Table 3: Soviet system according to Siebert’s Four Theories of Press13
Lenin being a materialist argued that since all societies are divided along economical, political and cultural class boundaries, the idea that there is a room in journalism for an absolute truth is completely false. Bourgeois journalists wrote something what was true for bourgeoisie and was not necessarily true for others. Thus to obscure their work to be objective was according to Lenin, an ideological fiction sole purpose of which was to prepare wide social acceptance of dominant bourgeois world view14. (McNair 2004:73-74) Rutger von Seth in his The language of the press in Soviet and post-Soviet Russia quotes Daniel Tarschys: “The Soviet press did not address the concerns of the broad population since if anything media were “above all a mouthpiece for propagating the regime’s official political standpoints and for expressing the managerial class’s perspectives on the practical implementation of the official policies”. (Tarschys, 1979: 183)
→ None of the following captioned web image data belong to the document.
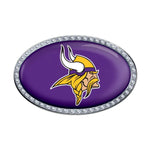 Wholesale-Minnesota Vikings Bling Chrome Metal Domed Emblem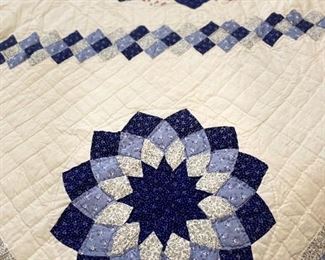 Incredible selection of handmade quilts.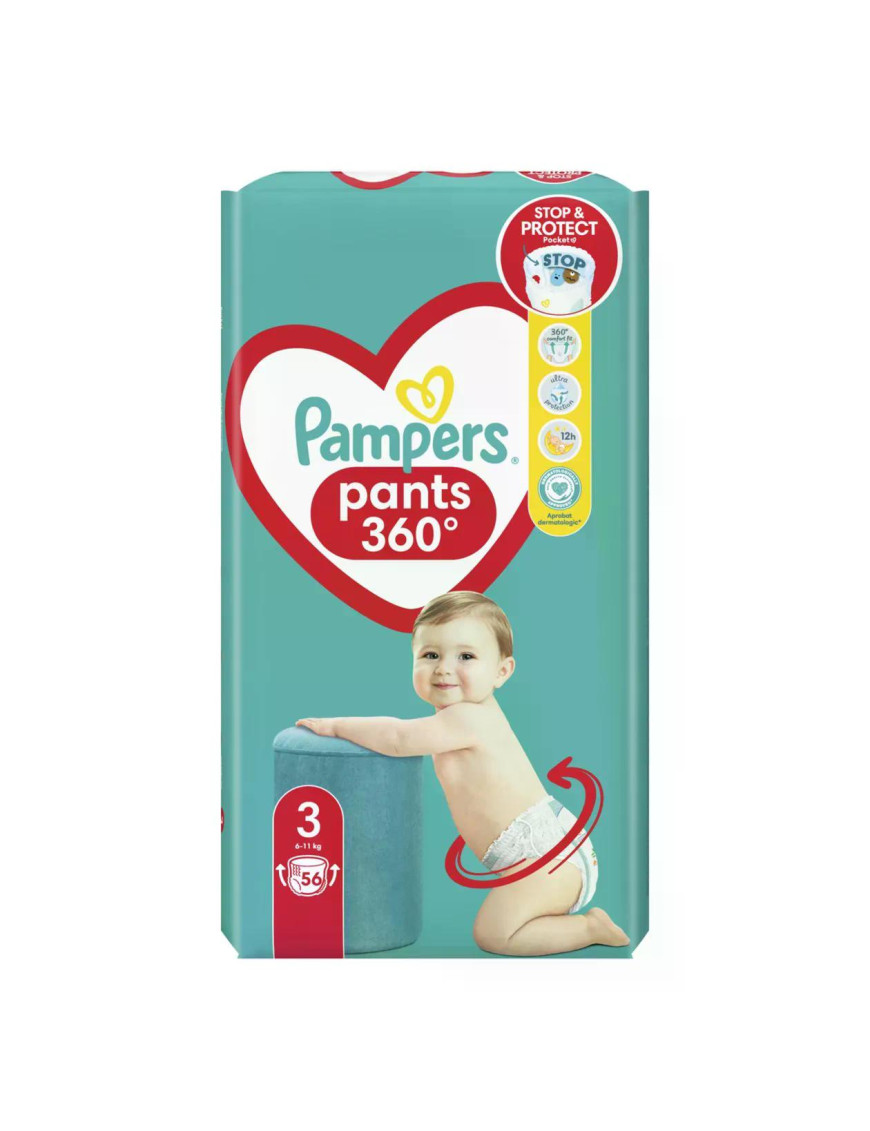 PAMPERS VPP Миди, гащички, S3, 56бр.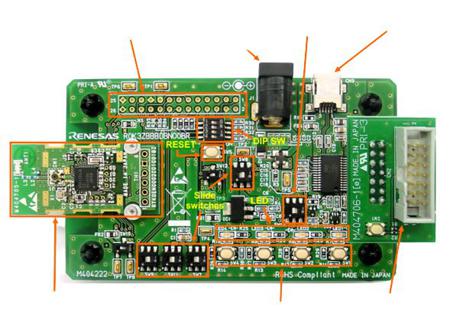 RTK0EN0001D01001BZ RL78/G1D Evaluation Board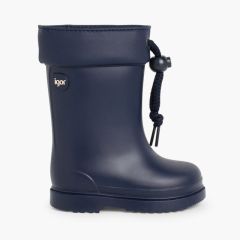 Bottes de pluie Igor hautes avec col ajustable Bleu Marine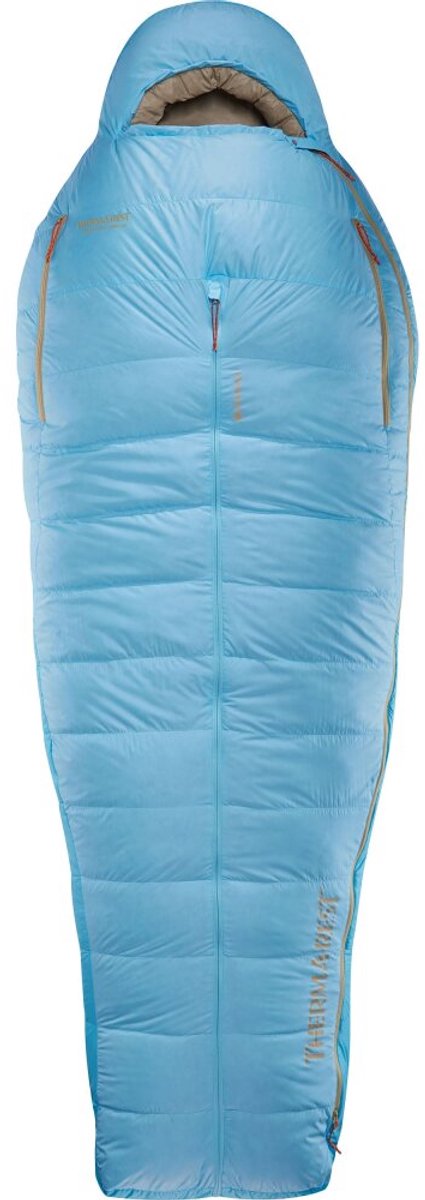 Therm-a-rest - slaapzak - slapen - kamperen - outdoor - boost 650 20f -6c regular wide - morning blue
What happened to the values of the Soviet journalism after the collapse of the Soviet Union? According to the Russian scholar Andrei Richter independence and abolishment of state censorship in the 1990s brought the sharp decline of morality among journalists in Russia as well as other ex-Soviet republics. Many assumed that press freedom meant total lack of restraint resulting in, as points out (Zasurski 1998:68), journalism operating outside boundaries of ethical principles. The immorality of press resulted in the sharp decline of readership base that logically crashed circulation numbers and newspaper revenues all over the ex-Soviet republics. (Richter 2007: 286-287)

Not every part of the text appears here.